AI Automation review

Make Review: should you pay for it?

Make is best for visual automation scenarios and complex multi-step workflows. This review focuses on buyer fit, tradeoffs, pricing style, and the workflows where it can realistically earn back its subscription cost.

Quick verdict

Make scores 4.4/5. It is a strong choice for visual automation scenarios and complex multi-step workflows, but buyers should watch for this tradeoff: learning curve is higher.

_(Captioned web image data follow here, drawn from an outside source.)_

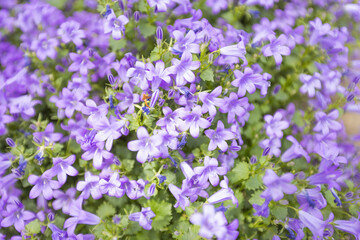 Close-up view of vibrant purple flowers in full bloom, creating a lush, colorful and delicate floral background.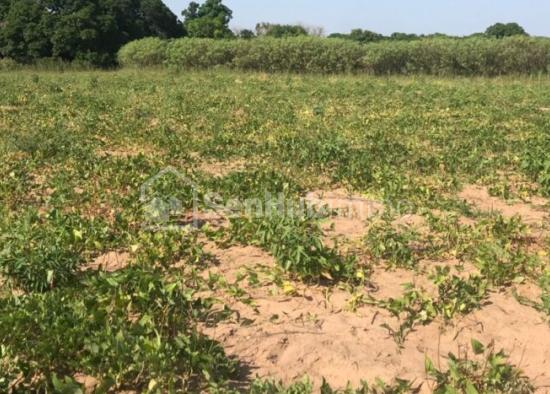 Terrain Agricole de 4785 m² à Sésséne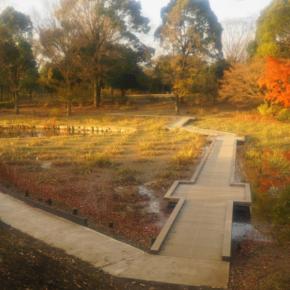 イロイロあった1週間と堕落した週末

Affiliate disclosure: links may be affiliate or partner links. We prioritize buyer fit and do not guarantee software results, rankings, revenue, or productivity outcomes.

What works

  • Powerful visual scenario builder
  • Good value for complex automations
  • More flexible branching than simple zaps

What to know

  • Learning curve is higher
  • Errors require operational discipline
  • Not every app module is equally mature

Who should buy Make?

Buy Make if the tool will become part of a weekly workflow: content production, client research, sales calls, automation, or design operations. Skip it if you only need a one-time output or if your team has not defined who owns prompts, review, approvals, and data privacy.

Make FAQ

Is Make worth it?

Make is worth testing if you need visual automation scenarios and complex multi-step workflows. It is less compelling if your workflow only needs occasional AI help or if a cheaper category-specific tool covers the job.

Who should use Make?

The best buyer is a team or creator who can use Make repeatedly in a real workflow, not just for one-off experiments.

What is the biggest limitation of Make?

Learning curve is higher

What is the best alternative to Make?

Compare Make against the other tools in AI Automation, especially if your priority is price, governance, or workflow depth.